The achievement of universal education would allay Aristotle’s own doubts about democracy. His preferred form of government was monarchy or aristocracy, assuming that the society’s most enlightened members would wield political power. But he acknowledged that the assumption did not always hold and that the rule of many, which he described as constitutional government, could also work.
For Aristotle, democracy posed the danger of rule by the uneducated mob and was the perversion of constitutional governance, as tyranny and oligarchy were the perverted forms of monarchy and aristocracy. But the democracy brand has triumphed over his typologies. Even at the height of the Cold War, when the contest between competing ideologies remained undecided, tyrannies and oligarchies projected themselves as democratic.
Following the dismantling of the Berlin Wall, the National Endowment for Democracy (NED) established the World Movement for Democracy (WMD) at a “global assembly” in New Delhi, India, in 1999. The avowed goal was “to strengthen democracy where it is weak, to reform and invigorate democracy even where it is longstanding, and to bolster prodemocracy groups in countries that have not yet entered into a process of democratic transition.”
With the wave of people-power initiatives after New Delhi, WMD tended to focus on the underdeveloped countries in the first and third groups. But the Lima Assembly, which counted a guest list of over 550 democracy advocates from more than 100 countries, faced a different environment from that which prevailed at the last meeting in Jakarta.
The 2008 Democracy Index of the Economist Intelligence Unit had reported that the global trend in democratization, sustained over more than two decades, had stalled to a halt. Admittedly, democratizing developments since then have taken place in the Philippines and, more recently, in Burma (Myanmar). The Middle East had also appeared ready for fresh democracy initiatives.
But the aftermath of the Arab Spring—unpredictable regimes in Libya and Egypt, unrest in Jordan, repression in Bahrain, the civil war in Syria and the nuclear threat in Iran—has disappointed and dismayed democracy activists. Several panels in Lima also offered examples of “backsliding” in Eastern Europe and Central Asia.
Deemed worthy of a separate panel were the equally alarming threats to democracy in developed countries in the West. Arising from homeland security concerns and the global financial crisis, these challenges have combined to constrict the democratic space for ethnic minorities and to enlarge the gaps between rich and poor even in the European Union and the United States.
As an aspiration, democracy has decisively defeated its rivals. But the implementation of the ideal on the ground varies widely. The variation in its practice raises the question of what constitutes democracy’s nonnegotiable, core elements, without which claims of democratic governance must be dismissed as deceptive.
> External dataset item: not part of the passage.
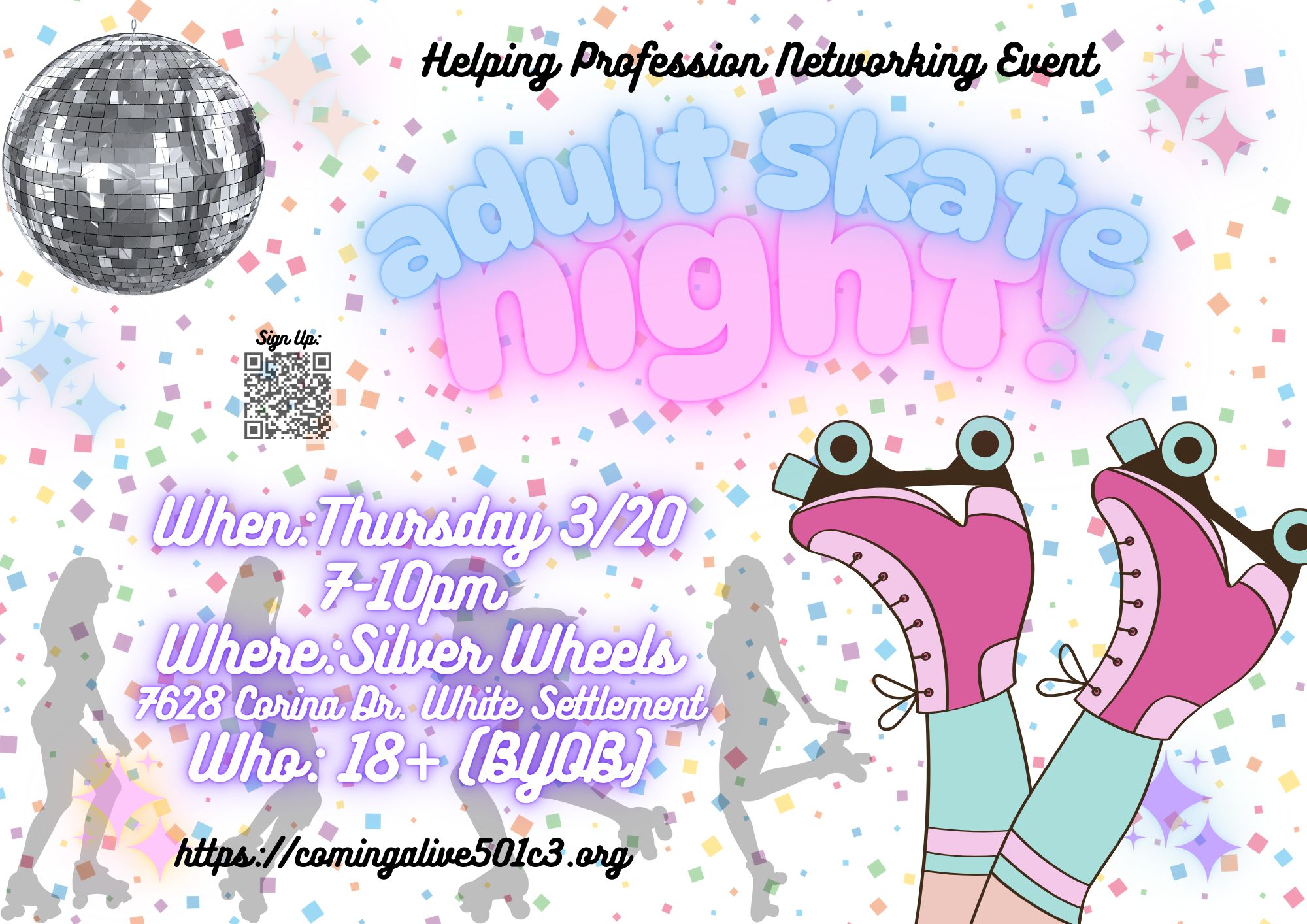 Networking Skate Night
Rating how democracies function becomes contentious because the metrics are changing; as communities become more politically mature, the concept of democracy expands to embrace additional elements. Ancient Athens practiced democracy, but also slavery, and slaves had no democratic rights. American women won the right to vote 100 years after the United States became a democratic republic.
Democracy advances toward greater inclusivity. It also becomes more expansive in the areas it covers. Democracy is no longer simply about the conduct of regular elections. Unless free and fair, these elections mean nothing. It is no longer simply about giving more citizens the right to vote. They must also have access to the education and the information required to make judicious electoral choices.
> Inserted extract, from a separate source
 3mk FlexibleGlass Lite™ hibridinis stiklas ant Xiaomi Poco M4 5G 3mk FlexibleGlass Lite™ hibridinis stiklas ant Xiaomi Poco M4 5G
The cost of running for office and the enormous rewards that come with winning it provide reasons for concern. They raise the risk of corrupt collusion between campaign funders and politicians and the temptation to keep the office as a family monopoly. More fundamentally, they limit who can run for office, subverting the concept of democracy, which assumes that citizens have the right and the opportunity both to elect their leaders and to stand for election.
Democracy is also no longer simply concerned with political procedures and political rights. Democracies are also accountable for economic outcomes and must pursue the economic as much as the political empowerment of its citizens.
For both levels of empowerment, education is crucial. When quality education becomes the preserve of the 10 percent, the resulting competency gap for making informed political and economic decisions makes the prospect of democracy for all an unattainable dream.